東京にしては珍しく雪が降り、そして、予定調和のように、今回もまた夕方から「足が乱れる」展開となった。

自分は、日中移動していた時に、多少の混雑とノロノロ運転の影響を受けたくらいで、ほとんど「被害」を受けずに済んだので良かったのだけど、積もったといってもたかだか20センチ、「災害」などと言ったら雪国育ちの人間には鼻で笑われてしまうようなレベルの降雪でこうなってしまうとなると、正直、大丈夫かな・・・?という気持ちになる。

7年前の大震災の頃から思っていることだが、地震でも台風でも大雪でも「いつもとちょっと違う」ことが起きた時に焦って帰宅の途につく、というのは、まったくもって賢い選択肢ではない。特に今回の雪のように、雲が通り過ぎていずれ降りやむ、というタイミングがある程度見えている場合であればなおさらだ。

にもかかわらず、国が率先して「早め帰宅」の呼びかけなんてするものだから、結果的に公共交通機関が手薄な時間帯に混雑が前倒しになって押し寄せ、いくつかの駅で入場規制がかかるような事態になってしまう。

今日に限っては、カフェ等でいつもより早めに営業を切り上げてしまったお店も多かったら、都心で時間をつぶそうとしてもなかなか、という状況だった人もいるのかもしれない。
また子供のお迎え等で、どうしても早く帰らないといけない、という人も相当いただろうし、そういう方々が家路を急ぐのは至極当然のことだろう。

だが、特に早く帰る理由もないのに、何となく言われるがまま早めに動き出して、その結果、阿鼻叫喚の「大混雑」に巻き込まれてしまった、という人も、実のところ結構いたのではないだろうか。

また、「転倒者続出」というニュースも流れているが、まだ外が少し暖かくて、地面に落ちた雪が水混じりになっていた夕方4時頃、というのは、今日の中では歩くのに一番危険な時間帯だったわけで、実際、負傷者が出た時間帯もその辺に集中しているように思われる。
雪の良く降る地域で暮らしたことのある人ならわかることだが、雪は、積もり始めと、降りやんだ後小一時間くらい経った後(の凍結)が一番の脅威で、その合間の時間帯が実は一番歩きやすい*1

その意味でも、夕方の早い時間帯に動くのは、決して賢い選択肢ではなかった、ということになるし、自分も、オフィスを出た後に適当に時間を潰してから家路に着いた結果、さほど混雑もしていない電車に乗り、足元のスリルを感じることもなく、いつも通りに家まで辿り着くことができた*2

いわゆる「異常時」に一番大事なのは、周りに流されずに自ら状況判断して、目の前の危機がピークを越すのを待って動き出すこと。
もちろん、「待つ」ことがかえって裏目に出ることもあるし、この点に関しては、震災の際の沿岸被災地域の記憶が未だに生々しく残っていたりもするから、こういう時は世の中のメディアも、会社も、「待つ」ことを決して勧めてはくれないのだが*3、何でもかんでも早く動けば良い、というわけではない、ということも震災が教えてくれたもう一つの教訓だったりする*4

相手は気まぐれな自然。
たまたま結果的に自分の選択がうまく行ったからと言って、大上段に“逆張り”を勧めるつもりは毛頭ないのだけれど、「雪の日の混乱」を横目で眺めつつ、テレビやラジオ、はたまたオフィスの館内放送の呼びかけに盲従する前に、天気図を確認し、Twitterで情報を集め、そして最後は自らの直感で、ややこしい状況に巻き込まれない最善の策を探る、という努力は、みな怠るべきではないのかな、ということを改めて感じた次第である。

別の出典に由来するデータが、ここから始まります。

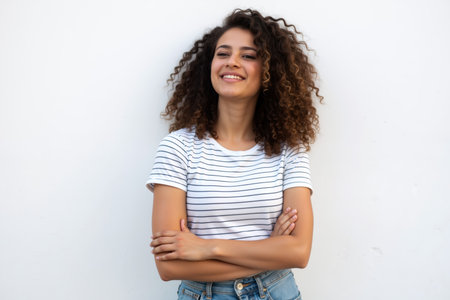 A beautiful woman with curly hair smiling, wearing a striped shirt, standing against a white wall.の素材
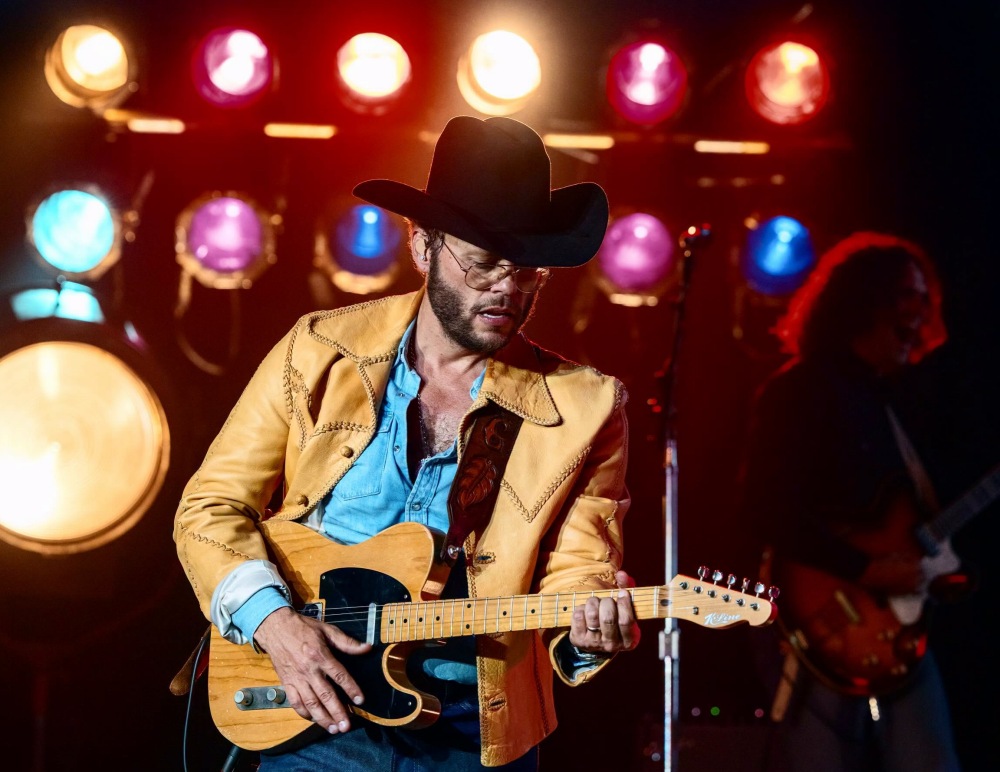 Charley Crockett plays guitar in Charles Town, WV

そして、できることなら、明日も、凍結した路面の餌食になることなく、平然と出社したいものだ、と*5

*1:これが、油断すると背丈を超すような雪が積もってしまう地域だとまた話は別なのだが、少なくとも今日の東京で、そんな事態になることは到底考えられなかったはずだ。

*2:そして、こういう経験をしたのは、今回が初めてのことではない。いつぞやかの夏か秋かに、台風で大騒ぎしていた時も“時間差”で平然と家路につき、何事もなく済んだことは何度かある。

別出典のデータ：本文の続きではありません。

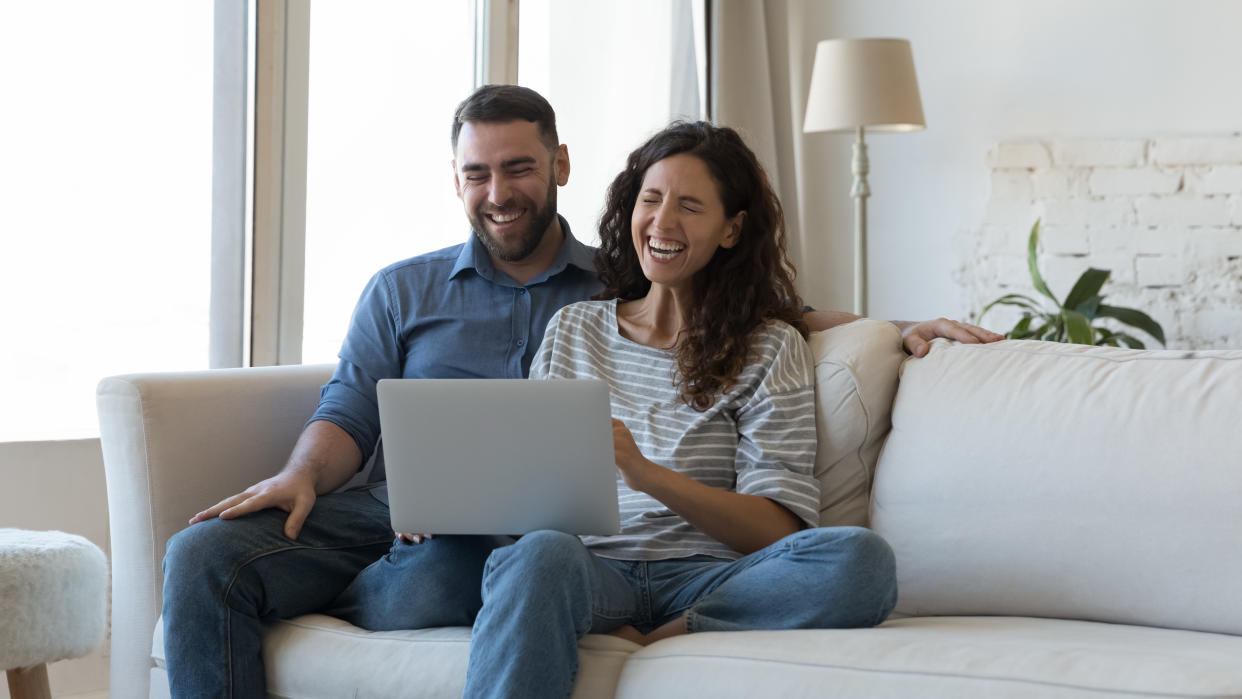 Happy overjoyed millennial couple using laptop at home together, resting on comfortable sofa, laughing, feeling joy, receiving good news, talking on video call. Communication concept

*3:本来「避難すること」と「帰宅すること」は全く異質の行為(前者は確実にリスクから免れるための行為だが、後者は必ずしもそうではない、という点で)なので、パラレルに扱われていること自体に個人的には強い違和感があるのだけど・・・。

*4:実際、あの3・11の日に都心にいた人の多くは、「動かなかった方が得をした」ということを身をもって学んでいるはずだ。

*5:残念ながら、このリスクを回避する唯一の方法は「滑りにくい靴を履いて、足元に気を付けて歩く」ということ以外に思いつかないのだけれど・・・。